BOWL: A Deceptively Simple Open World Learner
Roshni . R. Kamath, Rupert Mitchell, Subarnaduti Paul, Kristian Kersting, Martin Mundt
TL;DR
BOWL introduces a batch-norm-based framework that unifies out-of-distribution detection, informative data querying, and continual memory-based learning for open-world scenarios. By treating BN running statistics as Gaussian approximations of intermediate activations, it derives OoD scores, an information-density acquisition function, and a dynamic memory-update strategy to train incrementally. The approach yields strong open-world performance while substantially reducing data and computation compared with replay-based baselines, and ablation confirms each BN-based component contributes meaningfully. This simple, cohesive baseline enables effective deployment and ongoing learning of BN-equipped networks in non-stationary environments.
Abstract
Traditional machine learning excels on static benchmarks, but the real world is dynamic and seldom as carefully curated as test sets.
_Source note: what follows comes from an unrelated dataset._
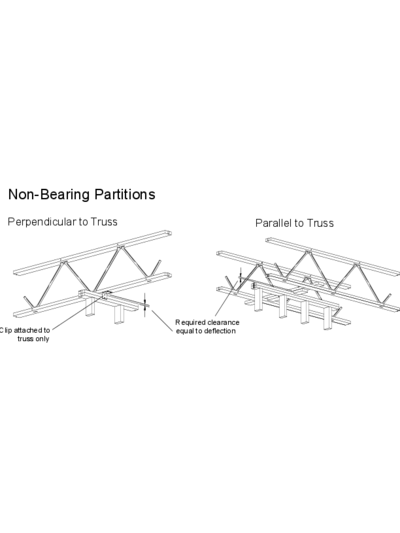 Non-Bearing Partitions Thumbnail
Practical applications may generally encounter undesired inputs, are required to deal with novel information, and need to ensure operation through their full lifetime - aspects where standard deep models struggle. These three elements may have been researched individually, but their practical conjunction, i.e., open world learning, is much less consolidated. In this paper, we posit that neural networks already contain a powerful catalyst to turn them into open world learners: the batch normalization layer. Leveraging its tracked statistics, we derive effective strategies to detect in- and out-of-distribution samples, select informative data points, and update the model continuously. This, in turn, allows us to demonstrate that existing batch-normalized models can be made more robust, less prone to forgetting over time, and be trained efficiently with less data.